World War II Wall of Honor Installed at St. Alphonsus Church
WHEELING — About 18 months ago, some parishioners at St. Alphonsus Catholic Church in Center Wheeling made an interesting discovery. Some broken wooden plaques that held the names of World War II veterans from the parish were uncovered in a forgotten storage area of the gymnasium.
Parishioners Chuck Griffin and Mike Sofka, both veterans, immediately realized the value of what had been uncovered. Soon they set to work to have the plaques refurbished and to establish a permanent Wall of Honor in the downstairs hall at St. Al’s.
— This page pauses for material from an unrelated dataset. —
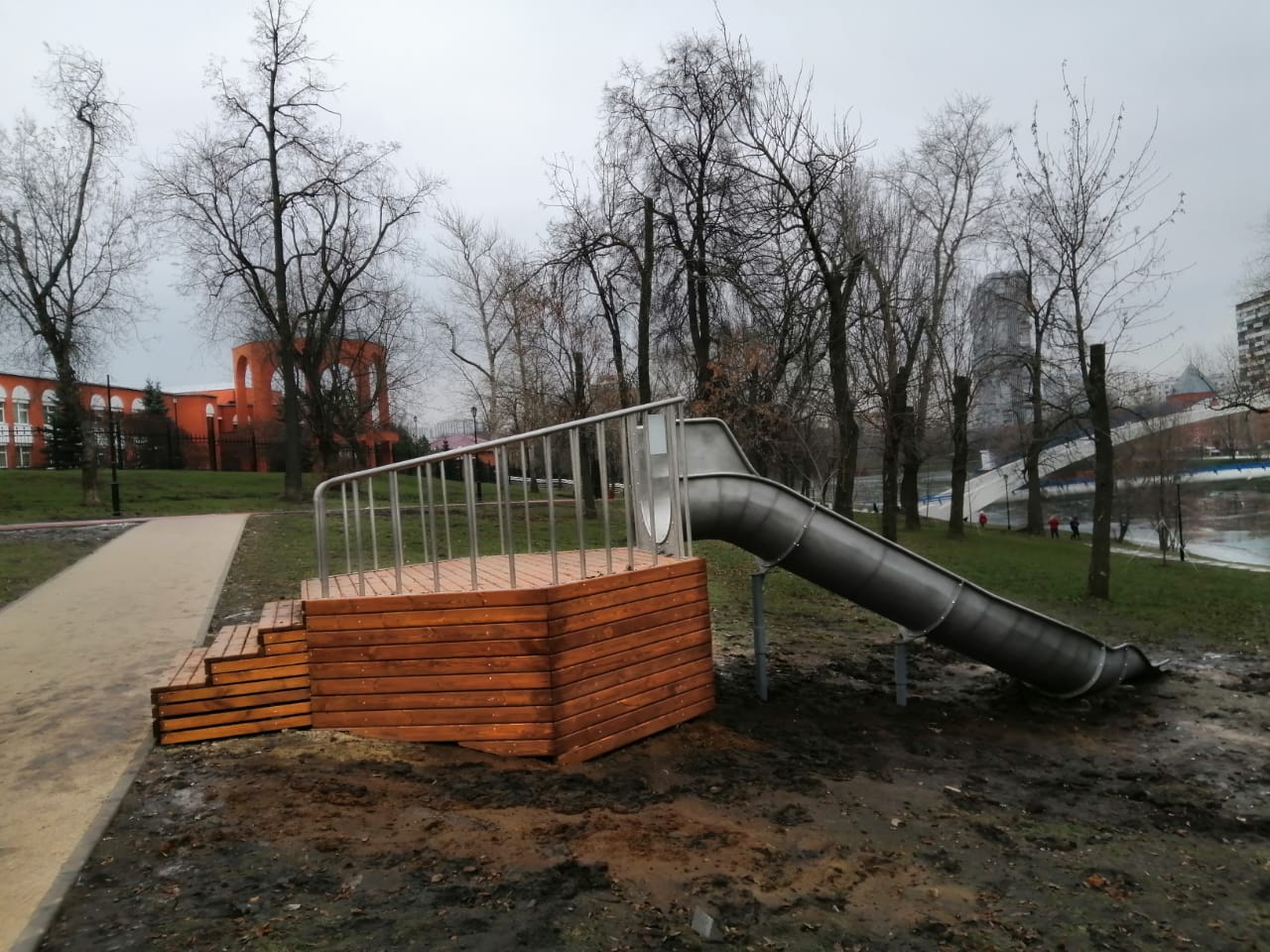 Горка-желоб на естественном холме (13 п.м.)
The room was formerly known as Columbia Hall.
Griffin, a Marine Corps veteran, and Sofka, an Air Force veteran, decided they needed professional expertise to have the project finished properly.
“The wooden plaques were in pretty bad shape … the names were falling out and the insignia at the top of the main one was missing pieces,” Griffin explained. “Still, we were excited to find them and have the opportunity to restore them.”
To meet the cost of a proper restoration project, the men held hot dog sales and various fundraisers.
They contacted the Lucky Duck Restoration company in Pittsburgh that specializes in church renovations and similar projects such as the plaques.
“We raised the money, but it was the entire community that supported our fundraisers to make this happen,” Griffin added.
While the plaques have been installed at the church, the dedication ceremony had to be canceled earlier this spring due to the coronavirus pandemic.
The parish was hoping Bishop Mark Brennan would be able to do a blessing this weekend during a scheduled visit. A formal ceremony with a reception will be planned when health conditions allow such a gathering.
Sofka pointed out that the plaques hold the names of 244 troops from St. Al’s who served during World War II. Of that number, 29 gave their lives during the war, including one woman, Rita Vogler.
Another three females are listed as having served. Many of the names on the plaques reflect the ethnicity of the neighborhood parish with a heavy presence of German families.
One priest, the Rev. Hugh Rauwolf, OFM Cap, an Army chaplain, is among the names of those who served.
Griffin said the Wall of Honor will serve several goals. They hope to gather the names of the World War II veterans from the now defunct St. Ladislaus and St. Mary parishes in South Wheeling and add their names to the wall.
Those churches were closed during the Diocese’s restructuring of parishes. Their parishioners were welcomed into St. Alphonsus, however, not all accepted the invitation.
Griffin and Sofka want to include other names to bring a better sense of unity among the Catholic faithful whose churches were closed.
They also will expand the Wall of Honor to eventually include the names of veterans who served in more recent wars from Korea to Vietnam, from Iraq to Afghanistan.
On a personal note, the World War II plaque contains the name of my late father, Harry Hamm, who served in the U.S. Army and received the Purple Heart after being wounded at the Battle of the Bulge.